Chapter 2 — Shallow ML Refresher: Linear Models
Chapter 2 — Shallow ML Refresher: Linear Models
Unit I · Introduction to Deep Learning
1. Linear Classifiers
A linear classifier partitions the input space with a hyperplane: \(\hat{y} = \text{sign}(w^\top x + b)\). For probabilistic output, logistic regression maps the linear score through the sigmoid: \(P(y=1|x) = \sigma(w^\top x + b) = \frac{1}{1+e^{-(w^\top x+b)}}\).
Training minimises cross-entropy loss with gradient descent:
\[\mathcal{L} = -\frac{1}{N}\sum_{i=1}^N \left[y_i \log\hat{p}_i + (1-y_i)\log(1-\hat{p}_i)\right]\]
For multi-class, the softmax function generalises the sigmoid: \(\hat{p}_k = \frac{e^{z_k}}{\sum_j e^{z_j}}\).
Exam-ready points- Linear regression loss: MSE \(= \frac{1}{N}\sum(y_i - \hat{y}_i)^2\).
- Logistic regression: binary cross-entropy loss, sigmoid output.
- Gradient update: \(w \leftarrow w - \eta \nabla_w \mathcal{L}\).
2. Linear Separability
A dataset is linearly separable if a hyperplane exists that correctly classifies all points. XOR is the classic non-linearly separable problem — no single line can separate the four XOR points.
The perceptron convergence theorem guarantees convergence iff data is linearly separable. When data is not, we need either: (a) a kernel trick (SVM), or (b) feature transforms, or (c) multi-layer networks.
- Minsky & Papert (1969) showed a single-layer perceptron cannot solve XOR — this led to the first "AI winter".
- Multi-layer networks overcome linear separability limits via non-linear activations.
3. Feature Transforms
A feature transform \(\phi: \mathbb{R}^d \to \mathbb{R}^D\) maps the input to a higher-dimensional (or different) space where a linear classifier succeeds. Examples: polynomial features \((x_1, x_2) \to (x_1, x_2, x_1^2, x_2^2, x_1 x_2)\), radial basis functions, Fourier features.
SVMs use the kernel trick: \(K(x,x') = \phi(x)^\top \phi(x')\) computed implicitly, avoiding explicit high-dimensional mapping. Common kernels: RBF \(K = e^{-\gamma\|x-x'\|^2}\), polynomial \(K = (x^\top x' + c)^d\).
Exam-ready points- Feature transforms are the shallow equivalent of learned hidden layers in deep networks.
- RBF SVM is a universal classifier but requires careful \(\gamma\) and \(C\) tuning.
- Deep networks learn \(\phi\) end-to-end rather than designing it manually.
Worked Example — Logistic Regression gradient step
import numpy as np
# Single sample gradient update
x = np.array([1.0, 2.0]); y = 1; w = np.array([0.1, -0.2]); b = 0.0; lr = 0.1
z = w @ x + b # linear score
p = 1 / (1 + np.exp(-z)) # sigmoid → p ≈ 0.475
loss = -y * np.log(p) # binary cross-entropy
dw = (p - y) * x # gradient w.r.t. w
db = (p - y) # gradient w.r.t. b
w -= lr * dw; b -= lr * db # update
print(f"loss={loss:.4f}, w={w}, b={b:.4f}")
Exercises
- Derive the gradient of binary cross-entropy loss with respect to \(w\).

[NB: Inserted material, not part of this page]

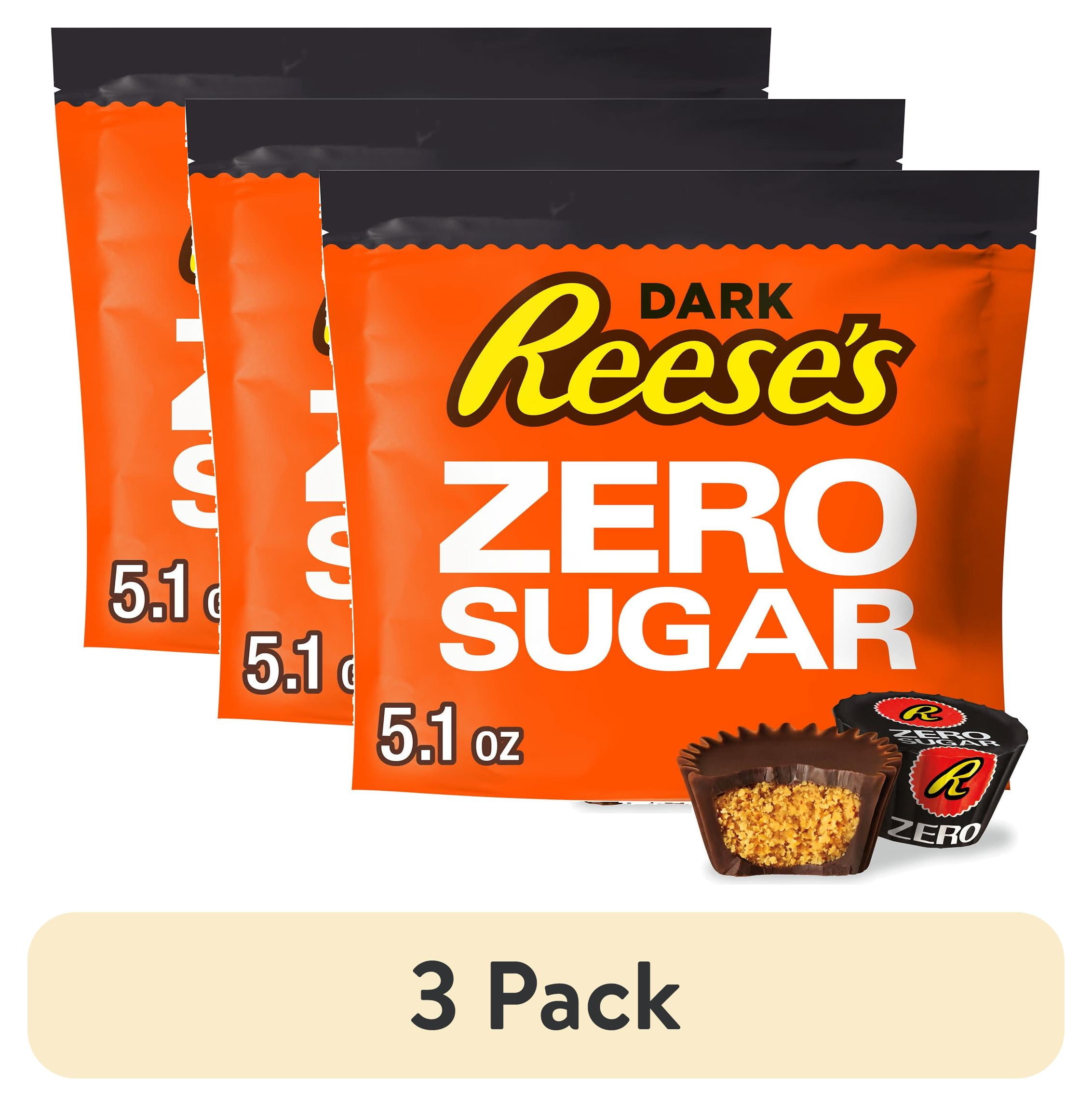 (3 pack) Reese's Zero Sugar Miniatures Dark Chocolate Peanut Butter Cups Candy, Bag 5.1 oz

- Show that XOR is not linearly separable by exhaustive enumeration.
- Using polynomial features of degree 2 on inputs \((x_1, x_2)\), write out all basis functions.
Viva Questions
- What is the decision boundary of a logistic regression classifier?
- Why is XOR a problem for single-layer perceptrons?
- Explain the kernel trick in SVMs.
- What is the difference between L1 and L2 regularisation effects on weights?
- How does the softmax function generalise the sigmoid to multi-class problems?